• **Work required**
Beginning with the line that contains "Mörkblå cardiganjacka från Moncler - Snygg", print each line to the end of the data exactly. Omit the pictures.

• **Available data**
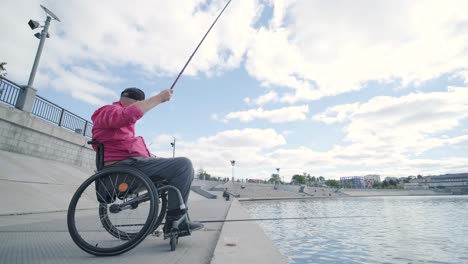 person with a physical disability who uses wheelchair fishing from fishing pier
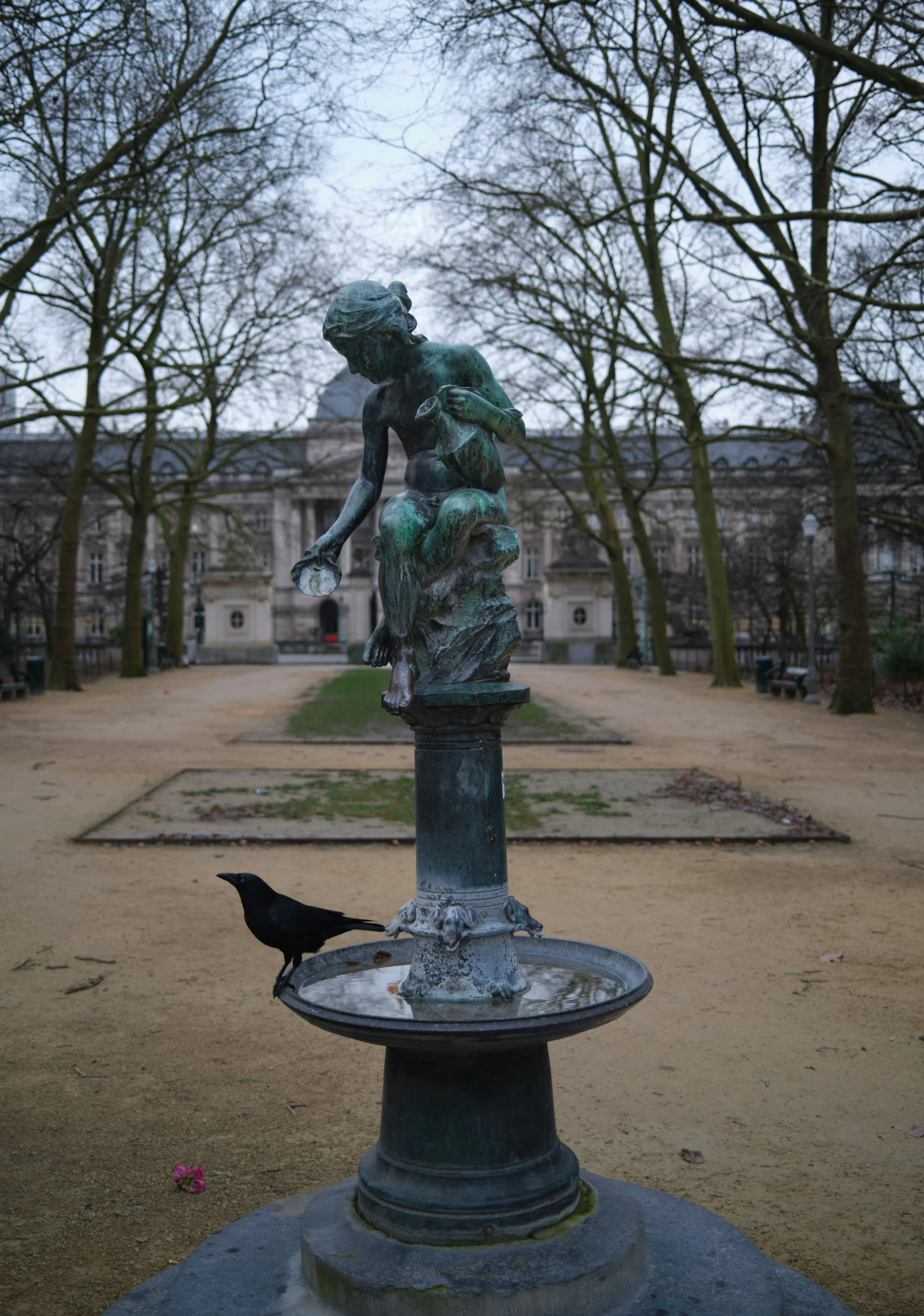 a bird sits on a fountain in the middle of an open field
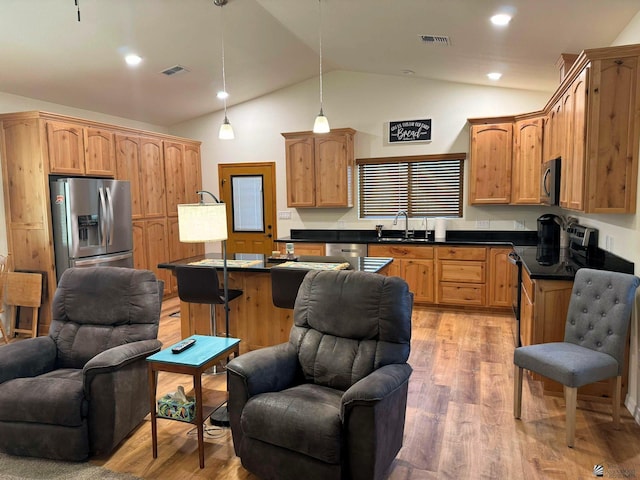 kitchen with lofted ceiling, a kitchen breakfast bar, hanging light fixtures, light hardwood / wood-style flooring, and stainless steel appliances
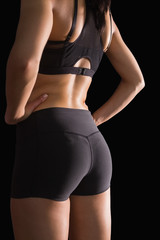 Mid section of the backside of young slim woman wearing sportswe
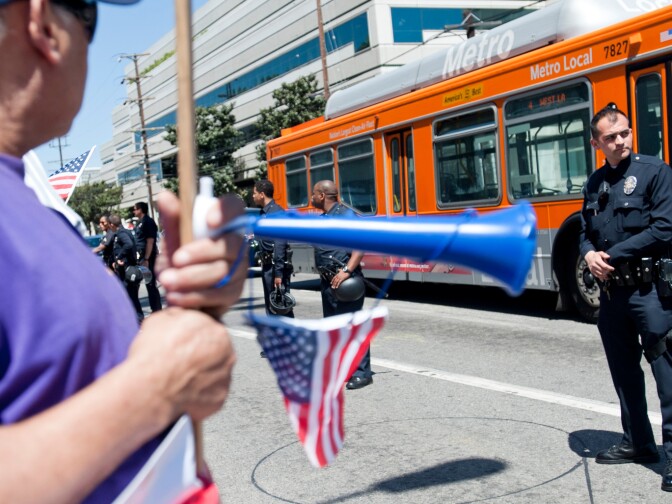 LAPD officers stand along Sepulveda Boulevard as a press conference takes place. Hundreds of immigration reform supporters took part in a march on Wednesday to Senator Diane Feinstein's LA office. The march coincides with a immigration reform rally in Washington D.C.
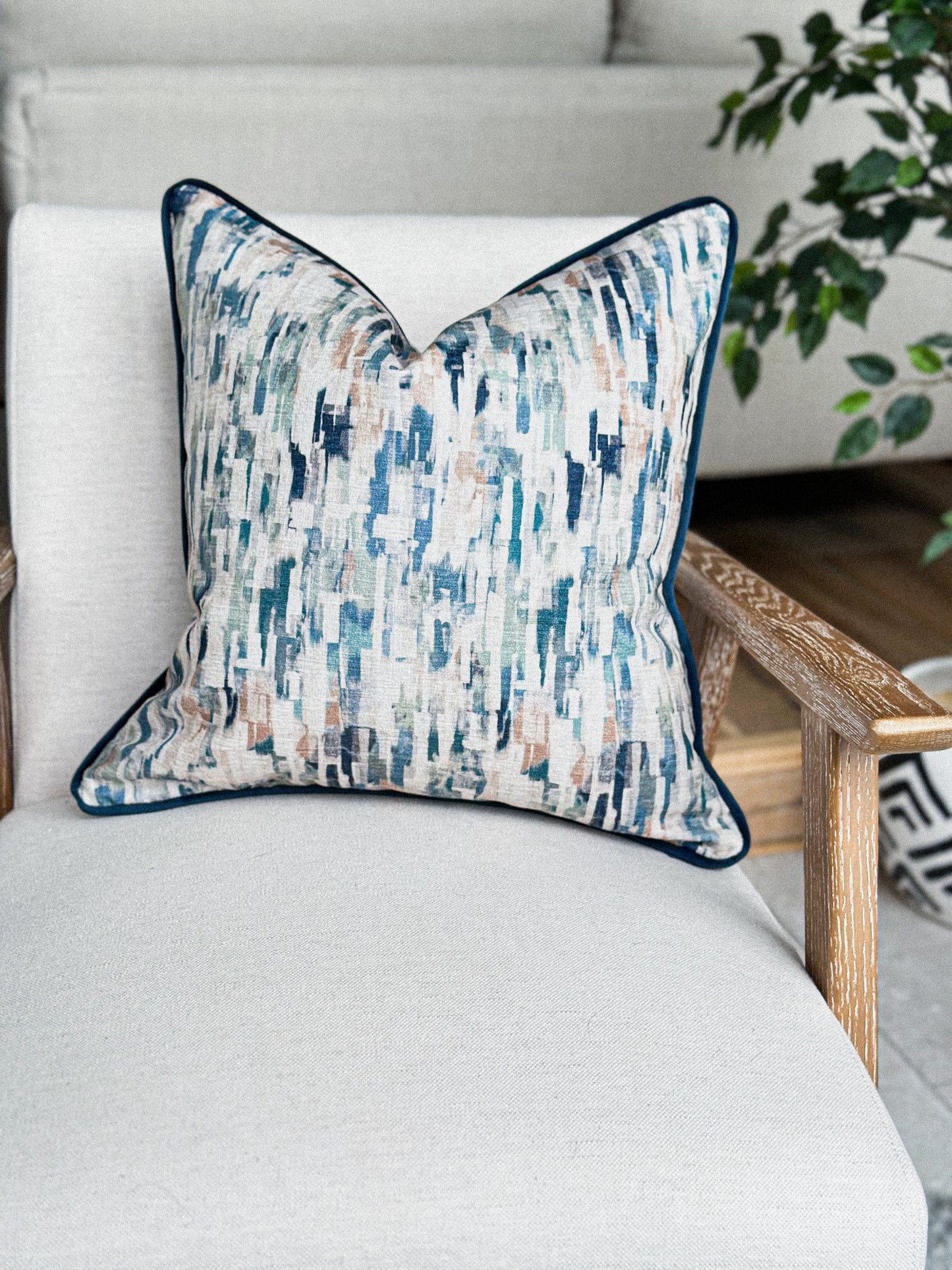 Scatter cushion in soft blue, green, and sand hues with a navy piped trim.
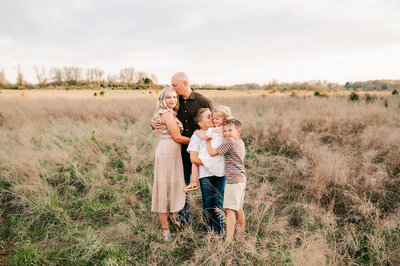 Branson family picture of family cuddling in field at sunset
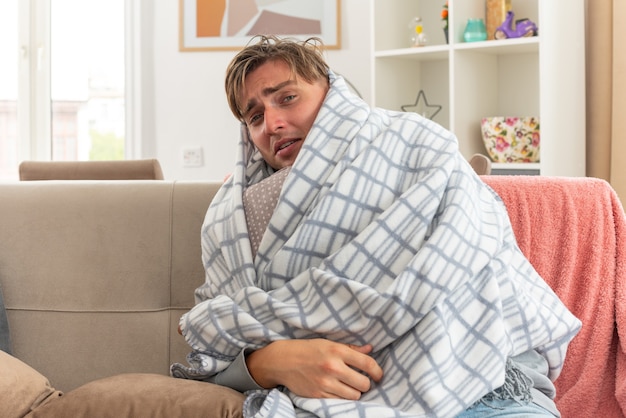 Jovem doente com dor e lenço em volta do pescoço envolto em um travesseiro xadrez, sentado no sofá da sala de estar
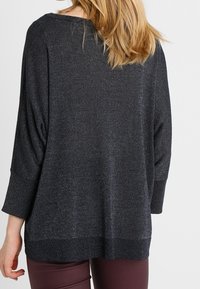 Czarny sweter z połyskiem o luźnym kroju, z rękawami typu nietoperz i prążkowanym dołem. Wykonany z miękkiego, teksturowanego materiału, odpowiedni do noszenia warstwowego.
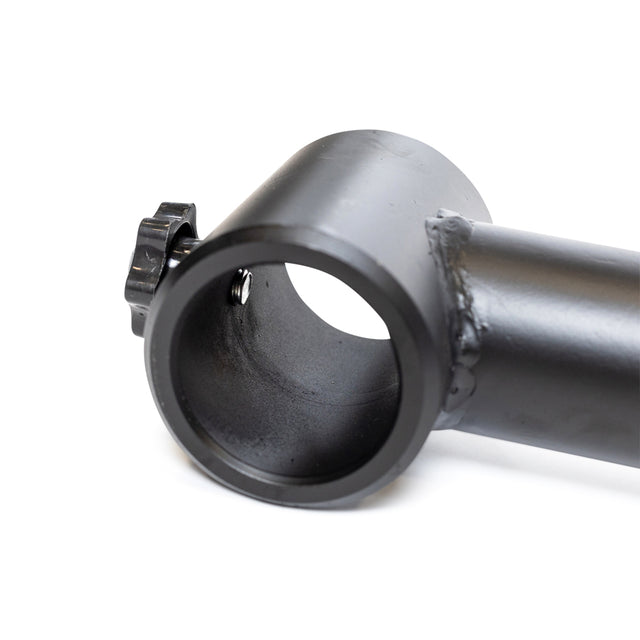 Close-up of a black metal cylindrical object resembling the Camber Bar Attachment - Pair from Bells of Steel, featuring a large tube opening and a smaller side knob. The sturdy material has a matte finish with visible weld marks along the connection, positioned against a white background and suggesting enhanced stabilizer muscle engagement.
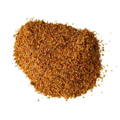 Ground sazon spice mixture on a white background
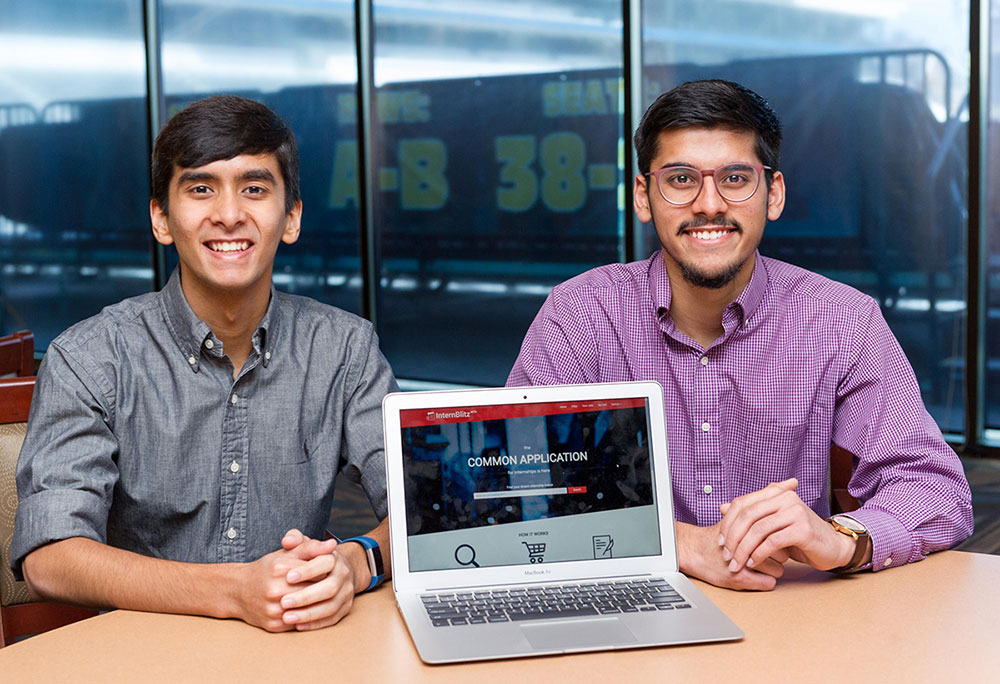 Two young, well-dressed men sit at a table in front of a computer screen showing their site, which says The common app for internships is here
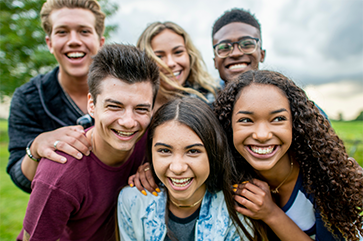 Six adolescents smiling for the camera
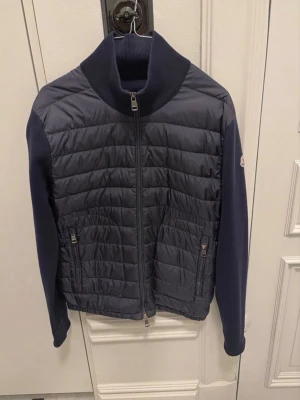 Mörkblå cardiganjacka från Moncler - Snygg mörkblå cardiganjacka från Moncler med quiltad front och stickade ärmar. Jackan har hög krage, dragkedja framtill och två fickor med dragkedja. Perfekt för lager på lager och en stilren look. ÄKTA 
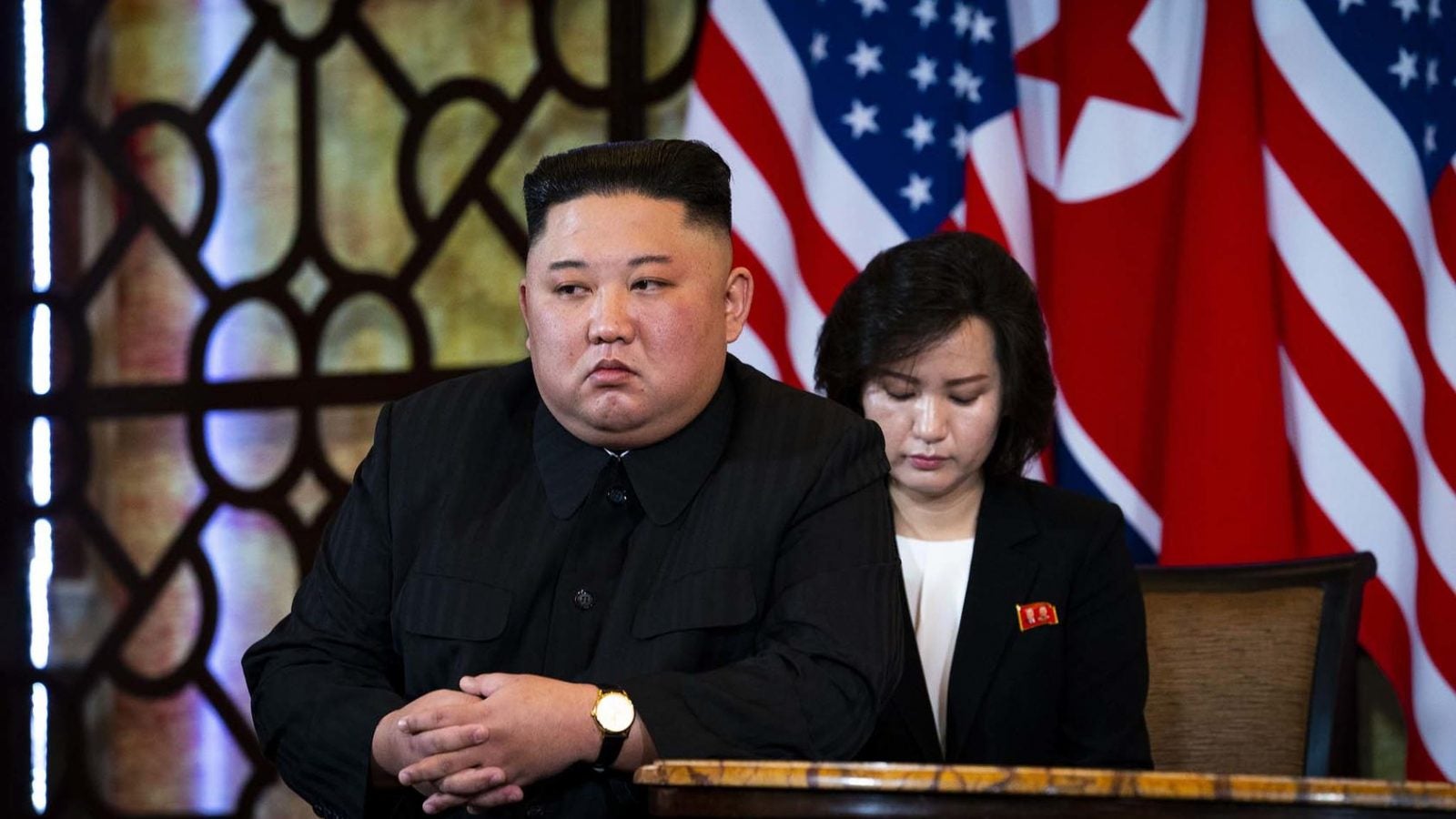 Kim Jon-un sits at the front of a table with a woman behind him and North Korean and American flags in the background.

• **Answer**
 Mörkblå cardiganjacka från Moncler - Snygg mörkblå cardiganjacka från Moncler med quiltad front och stickade ärmar. Jackan har hög krage, dragkedja framtill och två fickor med dragkedja. Perfekt för lager på lager och en stilren look. ÄKTA 
 Kim Jon-un sits at the front of a table with a woman behind him and North Korean and American flags in the background.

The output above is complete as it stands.